Work task ▸ For this exercise, please transcribe exactly and only the lines from the one containing "DNEMNLPH Aimee Premium" through the end of the material, both ends included, without pictures.

Dataset content ▸
☆ ☆ ☆ ☆ ☆

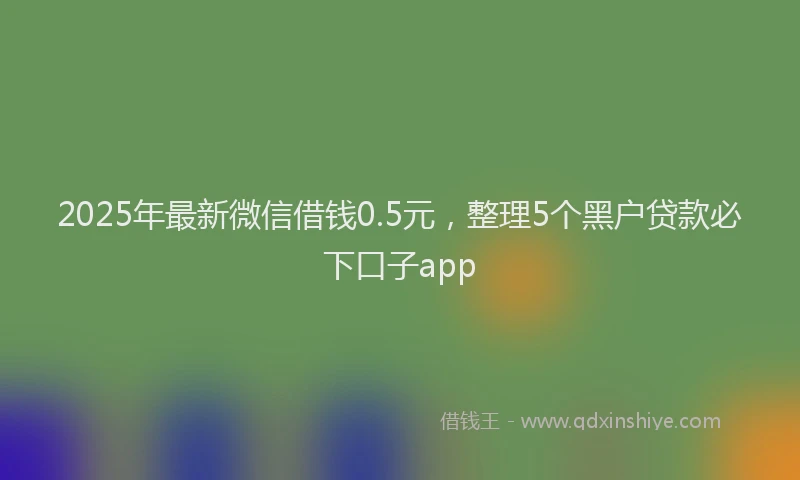 2025年最新微信借钱0.5元，整理5个黑户贷款必下口子app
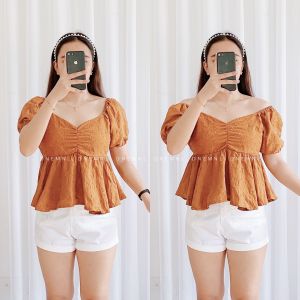 DNEMNLPH Aimee Premium Eyelet Puff Sleeves Ruched Smocked Top - Trendy Korean BKK Special Fabric Embossed Smocked Garter Loose Stretchable Plain Basic Vintage Ruched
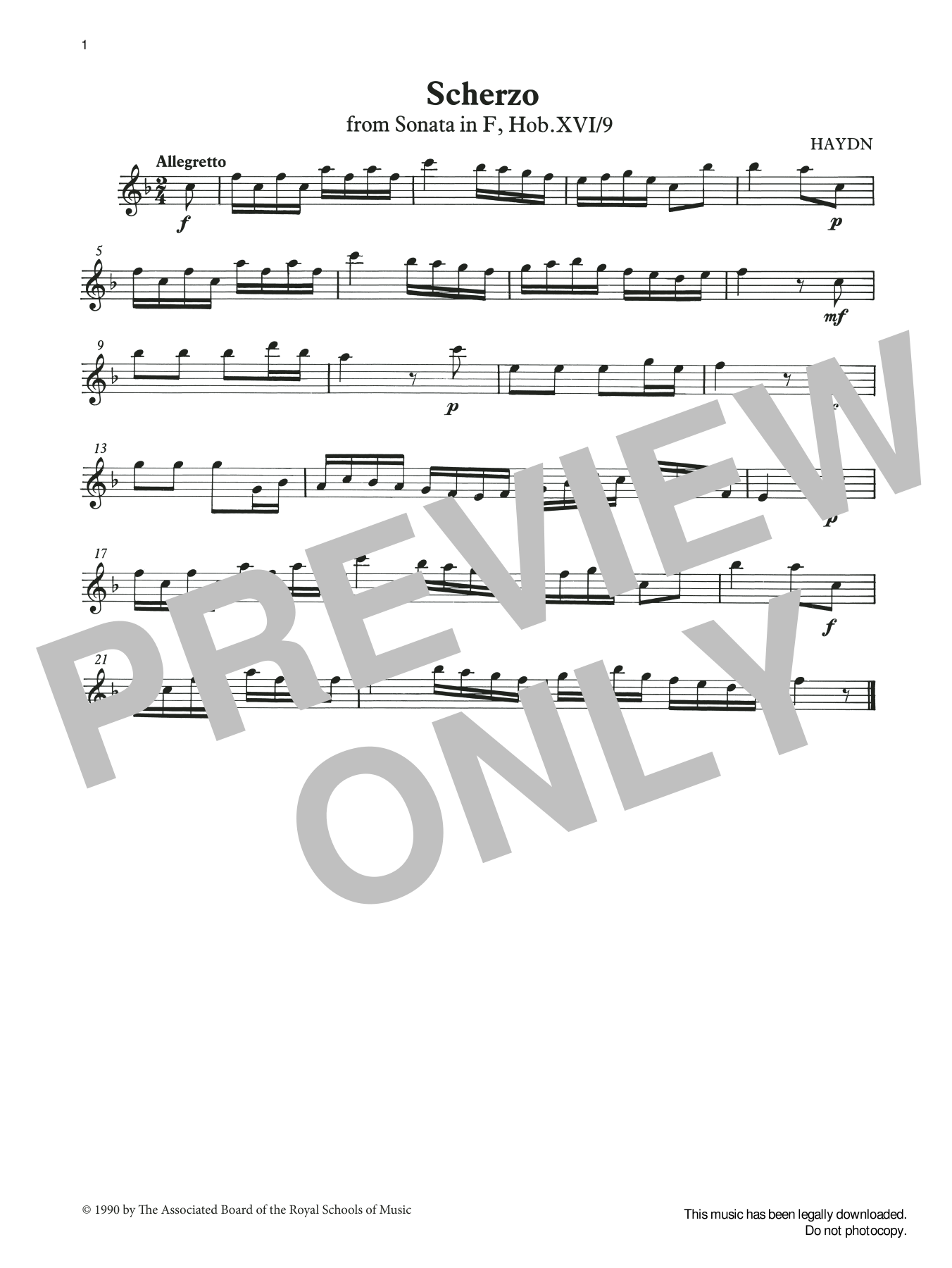 Joseph Haydn Scherzo (score & part) from Graded Music for Tuned Percussion, Book I Sheet Music & Chords for Percussion Solo - Download or Print PDF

☆ ☆ ☆ ☆ ☆

Result of the exercise ▸
 DNEMNLPH Aimee Premium Eyelet Puff Sleeves Ruched Smocked Top - Trendy Korean BKK Special Fabric Embossed Smocked Garter Loose Stretchable Plain Basic Vintage Ruched
 Joseph Haydn Scherzo (score & part) from Graded Music for Tuned Percussion, Book I Sheet Music & Chords for Percussion Solo - Download or Print PDF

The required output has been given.